> **Required action**: Set down the whole listing verbatim.

> **The data**:
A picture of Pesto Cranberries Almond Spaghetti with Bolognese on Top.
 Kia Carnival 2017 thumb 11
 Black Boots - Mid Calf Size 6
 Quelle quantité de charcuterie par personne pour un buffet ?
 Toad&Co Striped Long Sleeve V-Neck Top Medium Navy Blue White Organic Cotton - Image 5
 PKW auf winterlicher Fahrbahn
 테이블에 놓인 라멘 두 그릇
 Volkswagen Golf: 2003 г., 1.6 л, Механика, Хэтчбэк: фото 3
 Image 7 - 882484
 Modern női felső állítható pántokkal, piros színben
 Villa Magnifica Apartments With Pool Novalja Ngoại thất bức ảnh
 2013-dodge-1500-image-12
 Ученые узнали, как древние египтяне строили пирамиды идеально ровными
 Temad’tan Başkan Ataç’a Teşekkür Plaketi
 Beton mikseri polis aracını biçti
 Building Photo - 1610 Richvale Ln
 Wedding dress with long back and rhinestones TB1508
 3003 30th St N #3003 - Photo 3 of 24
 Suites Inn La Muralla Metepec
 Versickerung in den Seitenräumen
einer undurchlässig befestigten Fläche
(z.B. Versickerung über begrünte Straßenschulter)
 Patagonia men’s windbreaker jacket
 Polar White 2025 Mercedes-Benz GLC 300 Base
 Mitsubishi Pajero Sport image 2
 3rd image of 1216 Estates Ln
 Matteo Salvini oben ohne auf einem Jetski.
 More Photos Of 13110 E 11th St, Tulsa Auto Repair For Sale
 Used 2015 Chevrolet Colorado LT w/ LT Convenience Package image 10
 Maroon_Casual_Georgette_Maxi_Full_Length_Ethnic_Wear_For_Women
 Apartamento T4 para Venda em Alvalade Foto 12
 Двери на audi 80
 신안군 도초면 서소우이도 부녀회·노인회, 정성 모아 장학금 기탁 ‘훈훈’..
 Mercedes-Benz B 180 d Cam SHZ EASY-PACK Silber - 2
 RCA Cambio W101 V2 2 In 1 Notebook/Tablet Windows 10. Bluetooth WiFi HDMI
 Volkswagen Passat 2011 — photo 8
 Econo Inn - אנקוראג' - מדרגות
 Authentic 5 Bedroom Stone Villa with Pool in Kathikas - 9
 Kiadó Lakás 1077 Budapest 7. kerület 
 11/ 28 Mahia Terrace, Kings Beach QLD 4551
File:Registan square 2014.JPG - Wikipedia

> **Problem solution**:
A picture of Pesto Cranberries Almond Spaghetti with Bolognese on Top.
 Kia Carnival 2017 thumb 11
 Black Boots - Mid Calf Size 6
 Quelle quantité de charcuterie par personne pour un buffet ?
 Toad&Co Striped Long Sleeve V-Neck Top Medium Navy Blue White Organic Cotton - Image 5
 PKW auf winterlicher Fahrbahn
 테이블에 놓인 라멘 두 그릇
 Volkswagen Golf: 2003 г., 1.6 л, Механика, Хэтчбэк: фото 3
 Image 7 - 882484
 Modern női felső állítható pántokkal, piros színben
 Villa Magnifica Apartments With Pool Novalja Ngoại thất bức ảnh
 2013-dodge-1500-image-12
 Ученые узнали, как древние египтяне строили пирамиды идеально ровными
 Temad’tan Başkan Ataç’a Teşekkür Plaketi
 Beton mikseri polis aracını biçti
 Building Photo - 1610 Richvale Ln
 Wedding dress with long back and rhinestones TB1508
 3003 30th St N #3003 - Photo 3 of 24
 Suites Inn La Muralla Metepec
 Versickerung in den Seitenräumen
einer undurchlässig befestigten Fläche
(z.B. Versickerung über begrünte Straßenschulter)
 Patagonia men’s windbreaker jacket
 Polar White 2025 Mercedes-Benz GLC 300 Base
 Mitsubishi Pajero Sport image 2
 3rd image of 1216 Estates Ln
 Matteo Salvini oben ohne auf einem Jetski.
 More Photos Of 13110 E 11th St, Tulsa Auto Repair For Sale
 Used 2015 Chevrolet Colorado LT w/ LT Convenience Package image 10
 Maroon_Casual_Georgette_Maxi_Full_Length_Ethnic_Wear_For_Women
 Apartamento T4 para Venda em Alvalade Foto 12
 Двери на audi 80
 신안군 도초면 서소우이도 부녀회·노인회, 정성 모아 장학금 기탁 ‘훈훈’..
 Mercedes-Benz B 180 d Cam SHZ EASY-PACK Silber - 2
 RCA Cambio W101 V2 2 In 1 Notebook/Tablet Windows 10. Bluetooth WiFi HDMI
 Volkswagen Passat 2011 — photo 8
 Econo Inn - אנקוראג' - מדרגות
 Authentic 5 Bedroom Stone Villa with Pool in Kathikas - 9
 Kiadó Lakás 1077 Budapest 7. kerület 
 11/ 28 Mahia Terrace, Kings Beach QLD 4551
File:Registan square 2014.JPG - Wikipedia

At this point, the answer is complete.